With prize money of $150,000, the ARA Historical Novel Prize gives Australian and New Zealand historical novelists the chance to be recognised in a class of their own, with the most significant prize purse for literature in Australasia. The Prize incorporates both an Adult category and a category for Children and Young Adult (CYA).

The ARA Historical Novel Prize now awards $100,000 to the Adult category winner, with an additional $5,000 awarded to each of the remaining two shortlisted authors. In the CYA category, the winner received $30,000, while the two short listers received $5,000 each.
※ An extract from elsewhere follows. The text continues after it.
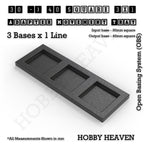 CGI render of the 30 to 40 mm square adapter, 3 × 1 formation, with 3 seats for 30 mm square bases.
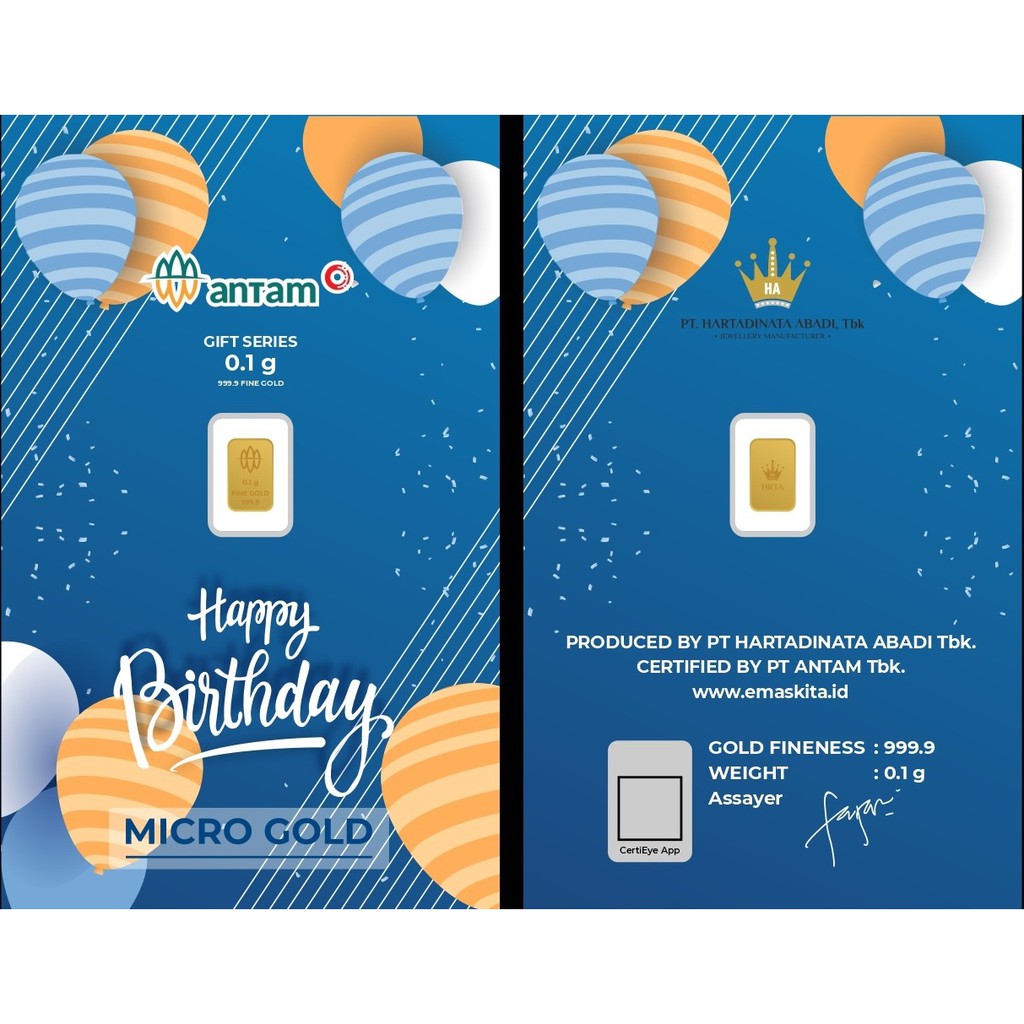Hartadinata Abadi Motif Baru HAPPY BIRTHDAY Series 0.1 0,1 g gram Antam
The ARA Historical Novel Prize has been made possible by the generosity of our Foundation Partner, ARA Group. The ARA Group, and its Executive Chair and Chief Executive Officer, Edward Federman, are committed to supporting the arts and literature. They do this in a number of ways – as a Principal Partner of the Sydney Writers’ Festival, the Melbourne Writers Festival, the National Institute of Dramatic Art, the Monkey Baa Theatre, and the Story Factory– and now as the sponsor of this very significant literary prize.

The ARA Historical Novel Prize winners were announced on 23 October 2024.

EDENGLASSIE

The judging panel for the Adult Category included Tony Maniaty (Chair), Meenakshi Bharat, Sienna Brown, Catherine Chidgey and Michael Williams.

According to the Chair, Tony Maniaty: Melissa Lucashenko’s Edenglassie is a fiercely original exploration of Australia’s past and its enduring consequences – an ambitious, epic novel that cracks what the author calls the ‘racist mythmaking’ that has painted Aboriginal people so negatively.

The novel weaves together two powerful streams – 19th century colonialism, and contemporary Indigenous existence in Australia. Lucashenko’s deft handling of these dual timelines illuminates the brutal realities of colonisation while celebrating the resilience of Indigenous cultures. While the novel is geographically specific, and wonderfully so, painting vivid images of South-East Queensland ‘then and now’, there’s a strong sense of the universal, showing the often-tragic impacts of displacement across history.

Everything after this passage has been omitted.